Electric Literature is pleased to reveal the cover for the memoir Loose of Earth by Kathleen Dorothy Blackburn, which will be published by University of Texas Press on April 16, 2024. Preorder the book here.
Kathleen Dorothy Blackburn was the oldest of five children, a twelve-year-old from Lubbock, Texas, whose evangelical family eschewed public education for homeschooling, and science for literal interpretations of the bible. Then her father, a former air force pilot, was diagnosed with cancer at the age of thirty-eight, and, “it was like throwing gasoline on the Holy Spirit.” Stirred by her mother, the family committed to an extreme diet and sought deliverance from equally extreme sources: a traveling tent preacher, a Malaysian holy man, a local faith-healer who led services called “Miracles on 34th Street.”

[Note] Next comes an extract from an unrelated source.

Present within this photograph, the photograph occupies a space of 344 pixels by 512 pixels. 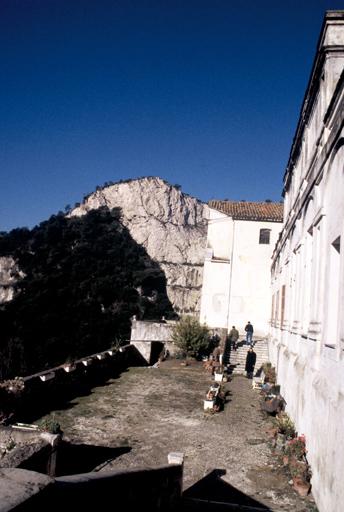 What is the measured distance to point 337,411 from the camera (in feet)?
19.5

What they didn’t know at the time was that their lives were entangled with a larger, less visible environmental catastrophe. Fire-fighting foams containing carcinogenic compounds had contaminated the drinking water of every military site where her father worked. Commonly referred to as “forever chemicals,” the presence of PFAs in West Texas besieged a landscape already burdened with vanishing water, taking up residence in wells and in the bloodstreams of people who lived there. An arresting portrait of the pernicious creep of decline, and a powerful cry for environmental justice, Loose of Earth captures the desperate futility and unbending religious faith that devastated a family, leaving them waiting for a miracle that would never come.
Here is the cover, designed by Sarah Schulte, art by Jack Spencer.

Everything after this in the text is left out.